DIE ZEIT is mourning its publisher: Helmut Schmidt passed away in Hamburg. The former German chancellor was 96 years old.
Former German Chancellor Helmut Schmidt and DIE ZEIT publisher has passed away. He died on Tuesday at the age of 96 in his home in Hamburg.
DIE ZEIT newspaper and publishing house bid farewell to Helmut Schmidt in deep mourning and profound gratitude: “As publisher of Die Zeit – for a time as head of the Time publishing house and managing director – he oversaw the fate of our paper for 32 years. We have lost a shrewd counsellor, a reliable companion and a good friend. We will miss Helmut Schmidt terribly.”
Schmidt’s influence on German politics is almost unmatched, initially as Senator in the Hamburg city-state government and then, as a federal Cabinet member before becoming chancellor. He gained the reputation for pragmatism and for being a successful crisis manager as Hamburg Interior minister by organizing relief measures during the massive 1962 Hamburg floods: He even went beyond constituted authority and requested the help of helicopters from the German military and from the Royal Air Force to rescue people from the disaster zone.
Four years later, he joined Social Democratic Party (SPD) head Willy Brandt to form Germany’s first “Grand Coalition,” pairing the SPD with the center-right Christian Democrats. In 1967, Schmidt became SPD floor leader in the Bundestag, Germany’s Federal Parliament. In 1969, Schmidt was tapped as Defence minister in Brandt’s second cabinet. He formed a coalition with the business-friendly Free Democrats Party (FDP). Shortly before 1972 general elections, he took over leadership of the Finance ministry and, temporarily, the Economics ministry.

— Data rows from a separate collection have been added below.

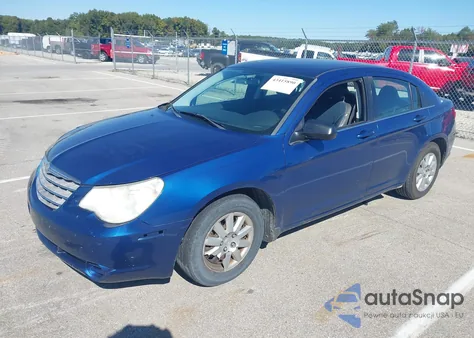 2010 Chrysler Sebring Touring z USA, uszkodzony, nr VIN 1C3CC4FB7AN143489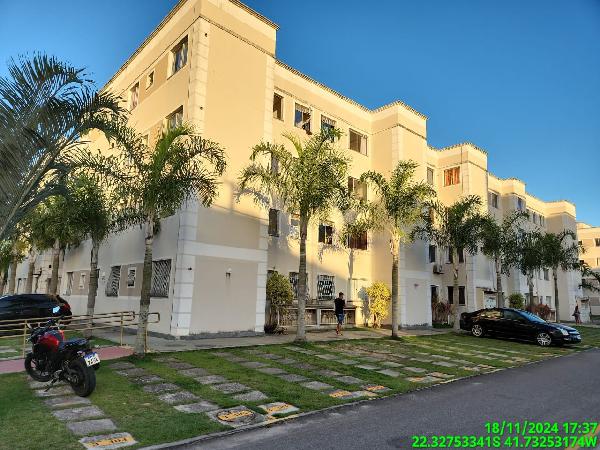 Foto de Apartamento em leilão em Macaé - RJ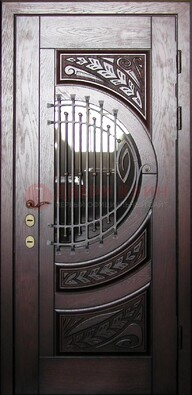 Одностворчатая входная дверь со стеклом и ковкой ДСК-21 в Казани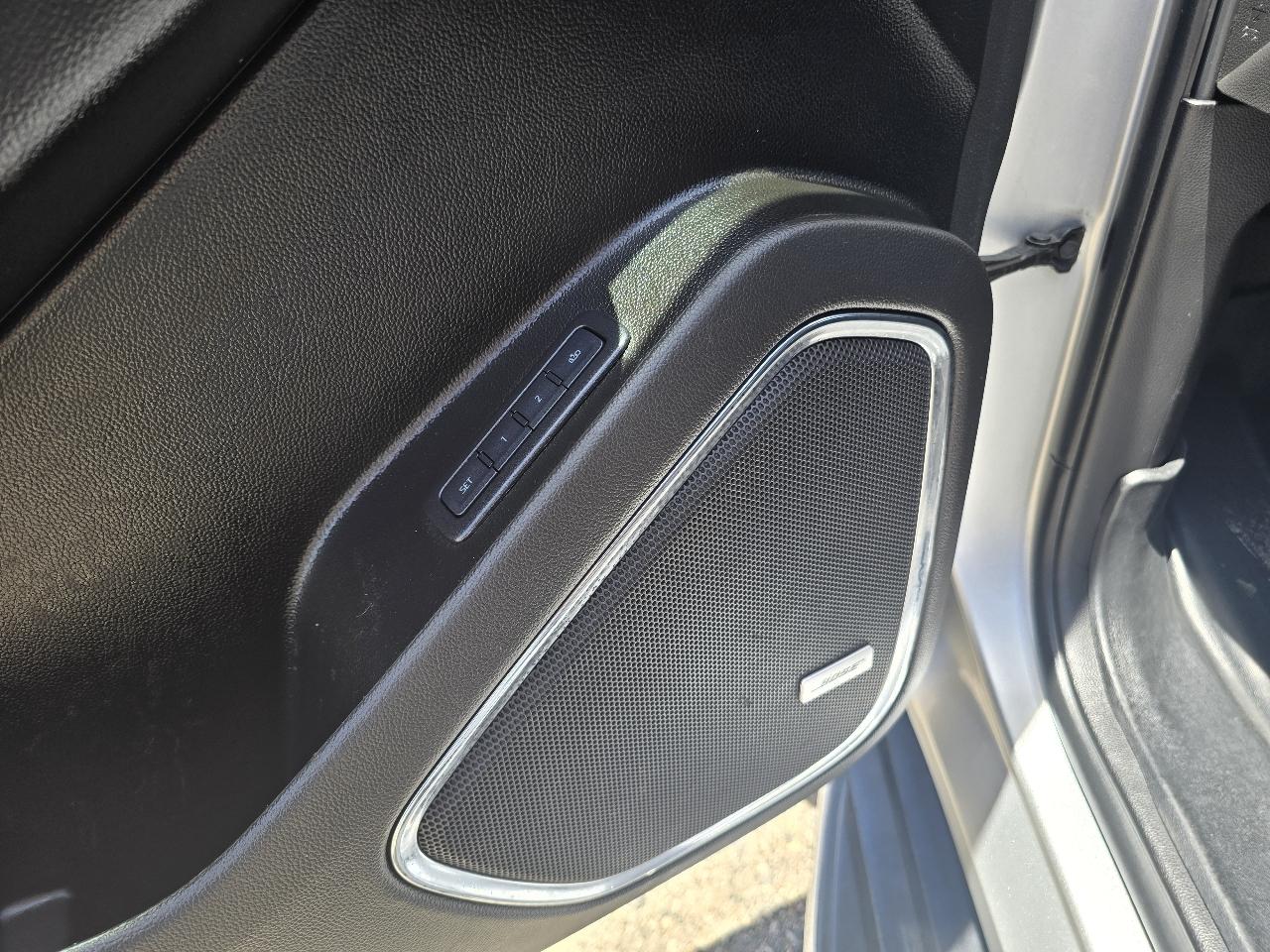 GMC Yukon XL Denali 4WD 2020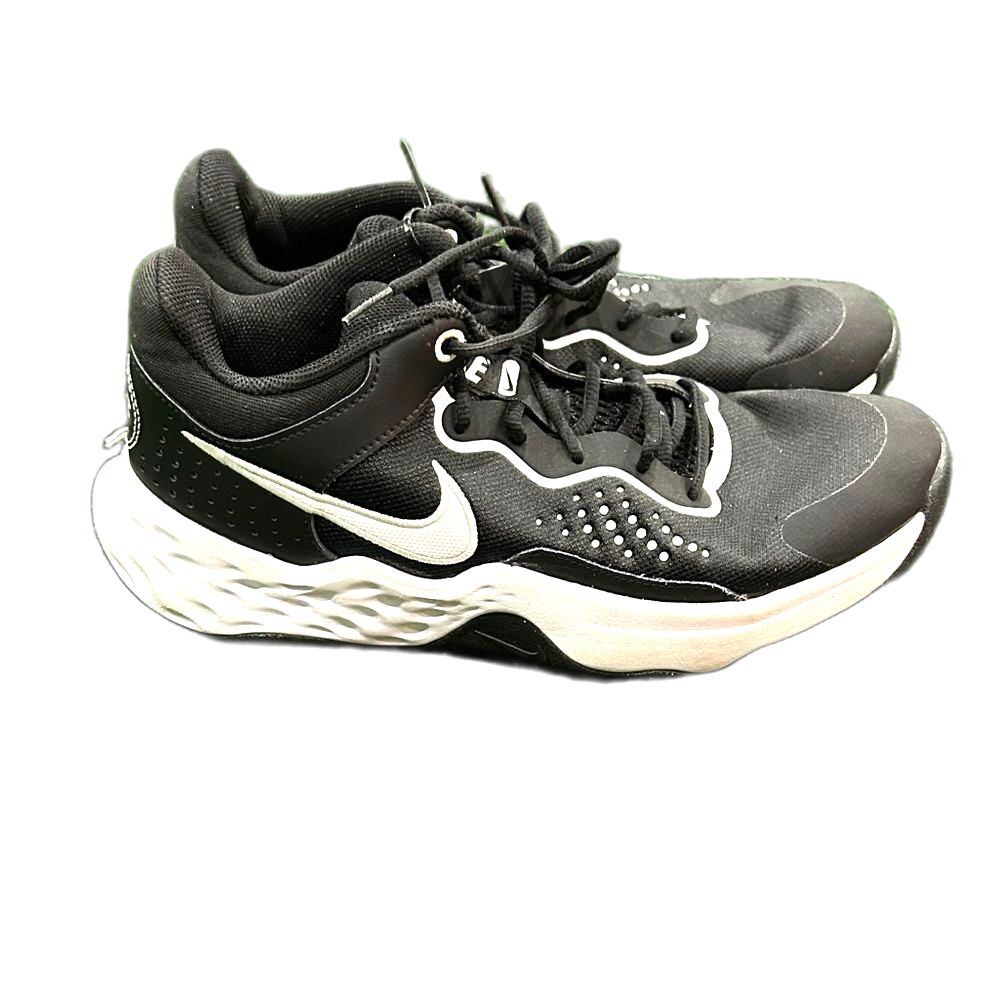 Nike Men’s Size 10 Sneakers Running Shoes Athletic Swoosh Black White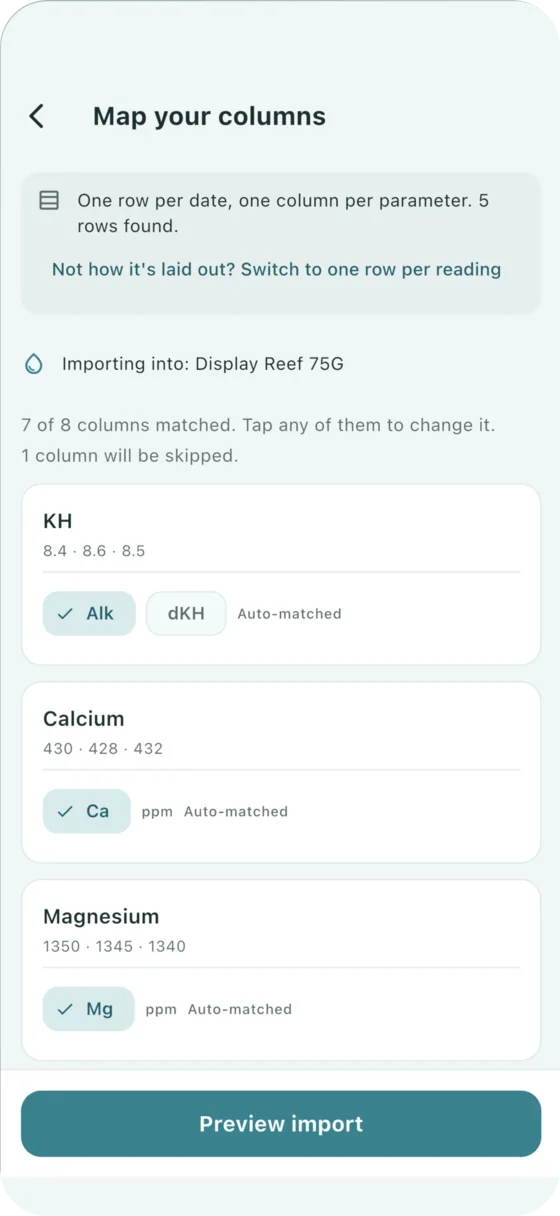 CSV import screen mapping columns such as KH, Calcium and Magnesium to parameters, each marked auto-matched.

When Brandt was forced to step down in 1974 after a close advisor of his was revealed to be an East German spy, in what became known as the Guillaume Affair, the SPD-FDP coalition elected Schmidt as chancellor. His government found itself confronted with numerous foreign and domestic crises. But under Schmidt’s leadership, Germany found its way through the global economic downturn and the 1970s oil crises relatively unscathed. It was the terror attacks perpetrated by the left-wing militant group Red Army Faction That exacted of the most difficult decisions of his tenure. Can a state allow itself to be blackmailed? That was the question facing the Chancellor when the Lufthansa passenger jet Landshut was hijacked to Mogadishu, Somalia in 1977 and the Red Army Faction (RAF) kidnapped and threatened to murder Hanns Martin Schleyer, president of the Confederation of German Employers’ Associations, in order to force the release of RAF prisoners. Schmidt decided against a prisoner exchange and ordered GSG-9 special forces unit to storm the plane. The RAF murdered Schleyer in response.
Schmidt’s party and a significant share of the populace distanced themselves from Schmidt. Two years later, he pushed through NATO’s Double-Track Decision, which foresaw the stationing of medium-range ballistic missiles in West Germany. Then, in 1982, Schmidt’s ‘governing coalition with the FDP collapsed in a no-confidence vote and Helmut Kohl, of the Christian Democrats, was chosen to replace him as chancellor.
Just a short time later, DIE ZEIT’s founding publisher Gerd Bucerius Brought Schmidt on board as publisher of the weekly paper. He did remain in position for more than 32 years. Up until the very end, he enriched the paper with his analyses, commentaries and interviews on current events.